Tactical Advice for Beginners
The most important lesson that a beginner has to learn is that he should have a plan. Almost any plan is better than no plan at all. A good plan, however, is the first step to victory. It should take into account the layout of the battlefield, the relative strengths and weaknesses of the opposing forces, and the enemy’s likely actions. If you misjudge, you will find it difficult to change your plan or redeploy, so best get it right first time if possible.
Ask yourself how your army differs from that of the enemy. Who has the best close-combat infantry? If it’s you, plan your attack around them, but if it’s the enemy, you will need to avoid or delay contact with them. Who has the best rough/difficult terrain infantry? If you do, you can use terrain to secure your flanks and create outflanking opportunities. However, if it’s the enemy, you should plan to avoid such terrain. Who has the best cavalry? If you do, you may be able to carry out sweeping maneuvers on his flanks but if he does, or if his army greatly outnumbers yours, you will need to avoid being outflanked yourself.

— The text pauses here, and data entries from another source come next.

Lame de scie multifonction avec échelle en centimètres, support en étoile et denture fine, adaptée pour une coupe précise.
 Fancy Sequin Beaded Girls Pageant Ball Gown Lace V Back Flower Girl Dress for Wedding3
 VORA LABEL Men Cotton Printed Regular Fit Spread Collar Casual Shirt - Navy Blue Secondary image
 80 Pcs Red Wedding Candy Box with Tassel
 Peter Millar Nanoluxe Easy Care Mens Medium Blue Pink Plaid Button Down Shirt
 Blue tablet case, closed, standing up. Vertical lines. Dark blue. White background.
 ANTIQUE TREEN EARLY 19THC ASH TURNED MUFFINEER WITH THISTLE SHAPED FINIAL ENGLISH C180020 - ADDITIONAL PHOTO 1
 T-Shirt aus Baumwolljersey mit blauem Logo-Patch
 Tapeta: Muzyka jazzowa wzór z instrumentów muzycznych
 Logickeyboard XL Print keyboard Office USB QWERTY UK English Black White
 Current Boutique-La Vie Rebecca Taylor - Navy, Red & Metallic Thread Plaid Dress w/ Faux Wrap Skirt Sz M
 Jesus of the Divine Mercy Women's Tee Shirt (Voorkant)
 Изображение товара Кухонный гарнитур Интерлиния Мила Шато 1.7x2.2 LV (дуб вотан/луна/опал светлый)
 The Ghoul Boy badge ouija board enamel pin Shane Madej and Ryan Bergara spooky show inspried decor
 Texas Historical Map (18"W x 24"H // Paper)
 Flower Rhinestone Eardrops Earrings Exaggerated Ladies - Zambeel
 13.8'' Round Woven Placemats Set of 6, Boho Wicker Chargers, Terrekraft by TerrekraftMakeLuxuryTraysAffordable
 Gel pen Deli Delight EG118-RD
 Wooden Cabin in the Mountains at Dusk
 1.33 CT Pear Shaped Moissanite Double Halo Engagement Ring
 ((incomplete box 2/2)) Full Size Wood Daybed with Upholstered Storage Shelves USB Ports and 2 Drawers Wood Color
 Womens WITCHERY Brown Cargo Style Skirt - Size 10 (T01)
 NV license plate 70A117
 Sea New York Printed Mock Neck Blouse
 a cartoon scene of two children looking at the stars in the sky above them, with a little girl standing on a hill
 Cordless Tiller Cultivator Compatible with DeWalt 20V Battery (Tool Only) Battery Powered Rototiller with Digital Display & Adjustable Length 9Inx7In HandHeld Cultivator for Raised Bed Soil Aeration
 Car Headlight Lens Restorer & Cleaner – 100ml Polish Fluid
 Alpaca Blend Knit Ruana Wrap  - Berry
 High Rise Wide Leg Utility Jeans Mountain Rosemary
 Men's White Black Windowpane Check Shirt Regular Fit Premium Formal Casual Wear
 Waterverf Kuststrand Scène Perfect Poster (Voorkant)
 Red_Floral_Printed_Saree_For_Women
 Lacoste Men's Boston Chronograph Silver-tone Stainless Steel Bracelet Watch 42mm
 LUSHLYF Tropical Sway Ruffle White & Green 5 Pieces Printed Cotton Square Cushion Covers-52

Does the enemy have any troops that are certain to give you problems? Can you use terrain to hamper them or reduce their impact? Have you enough skirmishers to damage their cohesion before contact?
Does the enemy have elephants? Can you disrupt them or put them to flight with shooting before they contact?
It isn’t always necessary to attack immediately, but if you adopt a defensive position, don’t rely on your opponent attacking where you want him to. Few opponents will cooperate by making a suicidal attack on an impregnable position. If you adopt a rigid defense, a clever opponent will concentrate his main attack on your weakest point while demonstrating against the rest of your battle line to keep it occupied. He may concentrate shooting on part of your line until its cohesion fragments before charging your demoralized troops. A defensive stance followed by a pre-planned counter-attack can be more effective.
It is often effective to attack on one wing while skirmishing or defending on the other. Obviously, the attacking wing should contain heavy troops and the refused wing should contain troops capable of skirmishing or be in a secure defensive position. If your refused wing looks as if it is in danger, do not be tempted to siphon off troops from your attacking wing to bolster it. All this is likely to do is ensure that your main attack peters out.
You should try to keep your plan and your deployment as simple as possible, with most of your troops deployed in battle lines under the control of your commanders. This will prevent the majority of your troops from being overlapped or attacked in flank. You should avoid leaving gaps in your line unless you have supporting units to protect the flanks of your front line units.
If you plan a wide, on-map, outflanking move, this should be led by a commander. Or you might try an off-map flank march, as these can be very effective. The danger is that it may arrive too late or never at all.
Ambushes can also be effective by concealing your intentions from the enemy, but do not be tempted to ambush in every piece of terrain just because you can. Such stratagems should be part of your overall plan. Infantry can ambush in woods and built-up areas, and any troops can ambush out of sight behind the high ground, trees, or built-up areas.
Troops held back behind the front line can act as reserves to plug a hole or exploit an opportunity. A central reserve of good quality mobile troops can be used to achieve a crucial advantage at the point of the decision if employed in the right place at the right time.
An army with a second line as reserves will obviously occupy less frontage than an army deployed in less depth, creating a risk that you might be outflanked. However, the terrain can be used to secure flanks and failing this your flank reserves should be suitably positioned to counter any enemy outflanking maneuver. This flexibility and ability to deal with all eventualities can be contrasted with the rigidity of the army deployed on too wide a front, which has no counter to an enemy breakthrough and will find it difficult to compensate for any deficiencies in its original plan.
One possible exception to the above general rule might be armies largely consisting of horse archers, who cannot expect to win a frontal contest and must therefore attempt to outflank the enemy on one or both flanks. They may still benefit from keeping a strong reserve, and even if this leaves gaps in their line, the enemy will find it difficult to exploit this without breaking up their own formation, which in turn may present opportunities for the horse archers to concentrate their shooting or to attack flanks.
If you have the advantage in light horse and light foot, a good tactic is to rush forward with these on one or both flanks, defeat the opposing skirmishers, then concentrate shooting to erode the cohesion of the heavier troops on the enemy wings. The skirmishers can fall back slowly in front of the enemy, evading if charged. Remember, however, that light foot are vulnerable to mounted troops in the open and may not be able to evade far enough to get away. They may be better able to delay the enemy if deployed in ambush in terrain ready to spring out at the appropriate moment.
Flank attacks, especially by non-skirmishers, can be overwhelming, so you must avoid enemy getting behind the flanks of your units. Conversely, if you can manage to outflank the enemy the battle should be all but won – but remember that the enemy must also be engaged frontally for flank attacks to be deadly.
A commander fighting with a unit will greatly improve the odds in close combat, but there is a risk of losing the commander. On balance, the benefit usually outweighs the risk if the combat is otherwise at least equal, or if the result of the combat is critical. However, once committed, the commander cannot be used to control or rally other units until the close combat is over.